Who’s up for a friendly neighborhood reminder that the global marketplace is underpinned by automated, high-frequency trading to a nearly incomprehensible degree? Good, then—a new report highlights the still-growing dominance of automation in futures markets: For starters, over two-thirds of livestock futures trading is carried out automatically, and 91 percent of all currency futures trading is now done with nary a human involved.
Or, “Automation is the future of futures markets,” as the Financial Times put it in their headline describing the report.
The study was conducted by the market intelligence branch of the Division of Market Oversight of the U.S. Commodity Futures Trading Commission, which examined eight markets overseen by the CME Group—the world’s biggest exchange company—and found that automation now accounts for the vast majority of the share of trades in each.
Futures trading is the buying or selling of something—oil, corn, gold, etc.—at a future date, at a set price and quantity. Metals futures, energies, financials, equities, grains, and oilseeds—each of these markets is substantially automated. In fact, livestock futures saw the lowest share of automated trades and is the only market examined wherein less than 70 percent of the trades were automated. The study’s authors conclude that “automation has increased consistently” over a six-year period.
Why does it matter if increasingly large amounts of capital are automatically changing hands at speeds of fractions of a second? The biggest concerns are heightened volatility in the markets and overreactions to changing trends in a given market, which the high-frequency trading algorithms can overinterpret, potentially exacerbating a financial downturn.
There have been a few high-profile HFT-spurred shocks to the market thus far, and the fear is that once there are too many systems on autopilot, and they all start responding to the wrong signals, it might cause chaos throughout global markets, affecting the economy accordingly.

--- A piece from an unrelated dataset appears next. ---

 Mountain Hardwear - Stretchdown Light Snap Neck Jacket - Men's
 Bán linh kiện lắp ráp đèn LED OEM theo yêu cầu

In the case of the futures market study, the regulators did observe that “historical end-of-day price volatility was positively correlated with the average number of daily price changes,” but found that no such correlation between automation and volatility was conclusive.
So while automation is continuing to dominate the vast majority of trades in the futures market, it’s still unclear what, exactly the impact of a largely human-free marketplace will be.